The weblog space is a space that bends under the pressure of traffic and influence. But mostly it bends under the strength of reputation (earned by “good work” or unearned by association and / or tacit sanctioning by those who have done “good work”). And I now believe that as an individual operating responsibly in this sphere, I have to be aware of any and all potential abilities I have to legitimately (ie. without lying, cheating or unfairly manipulating the situation in any way) exert whatsoever influence I might have in order to stop what I perceive to be morally wrong, corrupt politics, cheap argument and potentially warmongering. (And yes – if you’re beginning to catch on – I am again talking about warbloggers).

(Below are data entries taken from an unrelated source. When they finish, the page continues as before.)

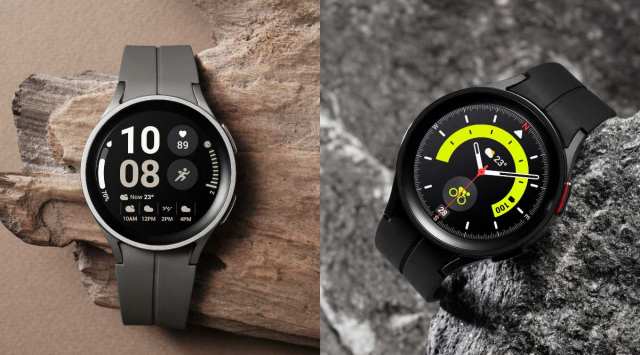 Samsung Galaxy Watch 5 Watch 5 Pro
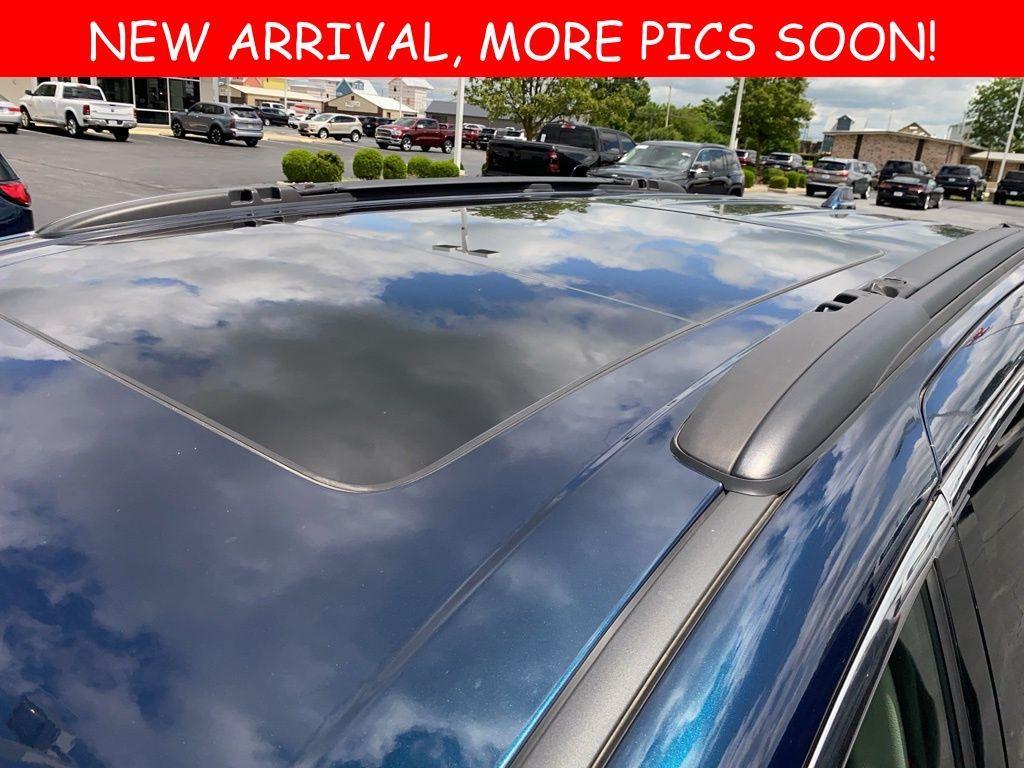 used 2022 Chrysler Pacifica car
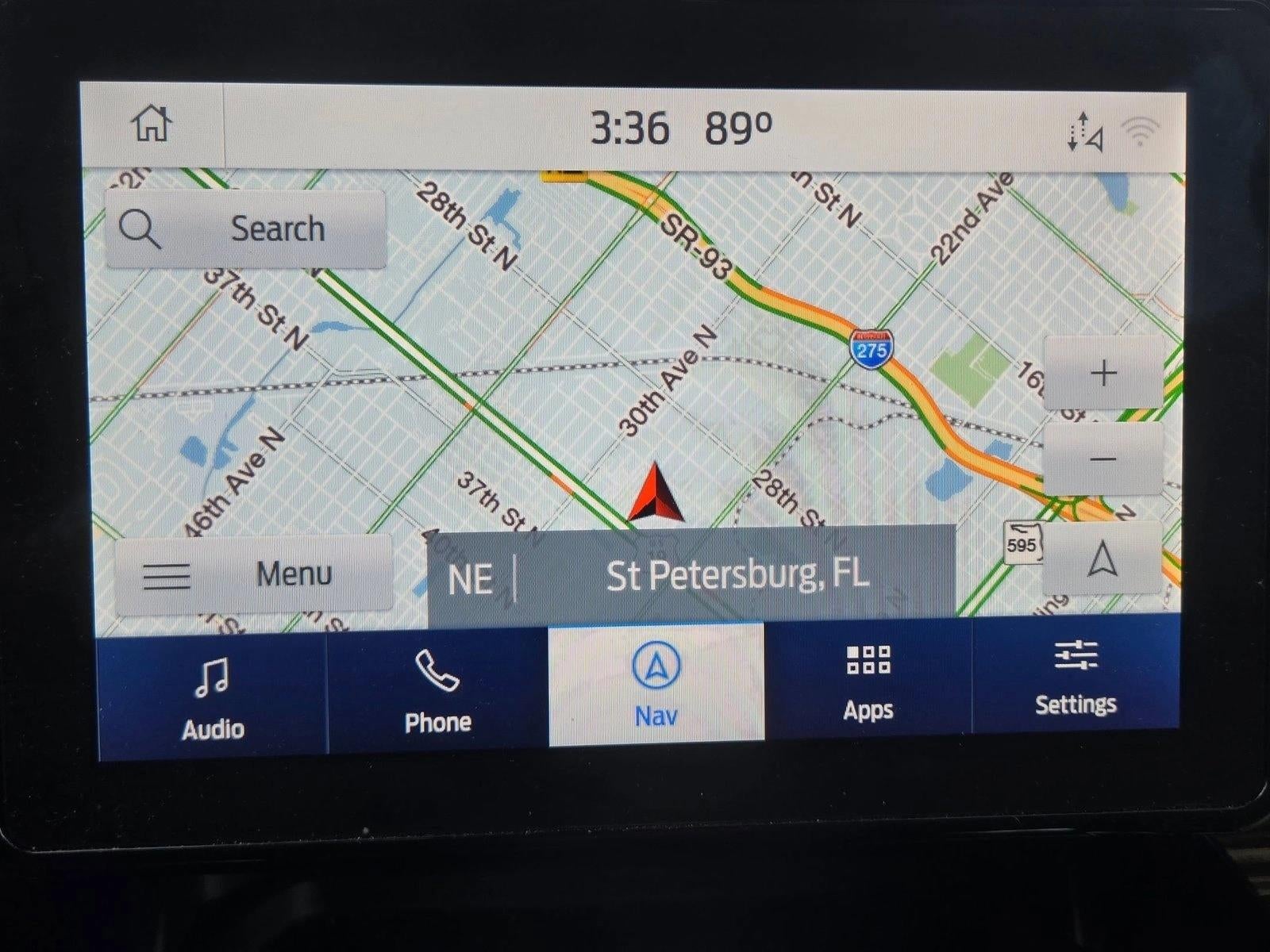 2021 Ford Explorer Limited 4WD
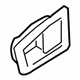 Hyundai 83622-3K000-CH Housing-Rear Door Inside Handle RH Hyundai 83622-3K000-CH Housing-Rear Door Inside Handle RH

I think I’ve come up with something that I believe to be appropriate action in these circumstances, and it’s to do with the responsibilities of being linked to

At the moment one very specific site is in my mind. This site, which I will not link to, links to a considerable number of intelligent and interesting people. Many of whom don’t share the politics or attitude of the man in question. Each one of these people is in a situation to act in such a way that would demonstrate their profound disagreement with those views simply by dint of their link being on his page. What I’m suggesting is that there is a power that comes with being linked to – and it’s a power that one should not only be aware of, but should feel the responsibility to employ – whether by sending a simple e-mail askind the link to be removed (“I do not wish to be associated with the bile-ridden drivel on your site”), or more proactively and campaigningly by using an .htaccess file or something similar to serve up a page which declares that you refuse to be associated with the views of the person whose site you’ve just left.

It’s not a lot, I know, but it’s the first thing that I can think of that actually represents some kind of weblogging ‘direct action’ – some kind of (almost negligible at the individual scale) gravitational influence that can be exerted by a site to act in such a way that it makes itself known as protesting without driving additional traffic to the thing they’re protesting about… And the best thing about it is that it’s entirely non-violent, non-flaming, non-confrontational. It’s a kind of passive politics – refusal to participate – refusal to allow yourself to be referenced – a bizarre kind of work-to-rule… The power of the inbound link should not be ignored…

PS. To clarify, maybe I can give a couple of examples… Let’s say a site links to yours that is homophobic – not a specific link to a specific page, but rather a general blog-rolling style link. To mention that site – to link to it – will promote their agenda, give them more page impressions, more people reading the crap they write. So what you could do instead is use an .htaccess file to shunt them through to a site that debunks myths about being gay.